Patients with Lynch syndrome (also known as hereditary nonpolyposis colorectal cancer) are at increased risk for several types of cancer, including colorectal, uterine, gastric, pancreatic, ovarian, and bile duct. Clinicians from Baylor College of Medicine's Dan L Duncan Comprehensive Cancer Center evaluated a 55-year-old woman with a family history of colon, uterine, and gastric cancer who presented with abdominal pain, fatigue, and weight loss. Evaluation revealed two types of cancer - localized colon cancer and a metastatic bile duct cancer - both of which were deficient in mismatch repair. Genetic testing confirmed a diagnosis of Lynch syndrome.

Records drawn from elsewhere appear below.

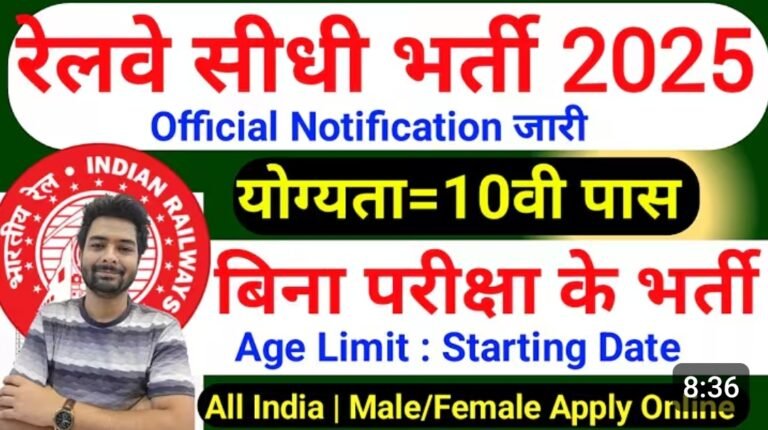 RRC WCR Apprentice Recruitment 2025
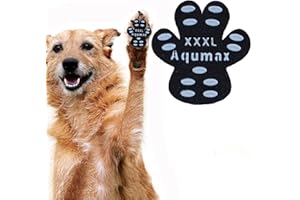 Aqumax Dog Anti Slip Paw Grips Traction Pads,Dog Feet Stickers with Stronger Adhesive,Paw Protection to Provide Traction for Slippery Floors,Essentials for Senior Dogs,12 Sets (48 pcs) XXXL Black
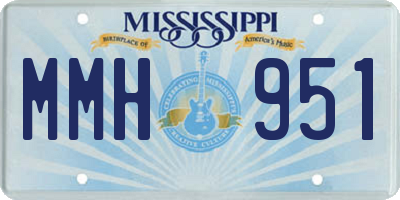 MS license plate MMH951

The clinicians discussed with the patient the options of standard chemotherapy, which usually provides only modest and short term benefit in advanced bile duct cancer, or checkpoint inhibitor therapy, which interferes with the ability of cancer to suppress the immune system's attack on cancer cells. The patient preferred the latter so she received pembrolizumab, a humanized antibody that blocks the programmed cell death 1 receptor on lymphocytes, intravenously every 3 weeks. The tumor's response to therapy was dramatic and progressive. Sixteen months after initiation of pembrolizumab therapy, colonoscopy and positron emission tomography-computed tomography showed complete regression of all previously documented sites of disease.

According to the authors, these findings suggest that checkpoint inhibition is an attractive and potentially effective treatment for cancers caused by Lynch syndrome.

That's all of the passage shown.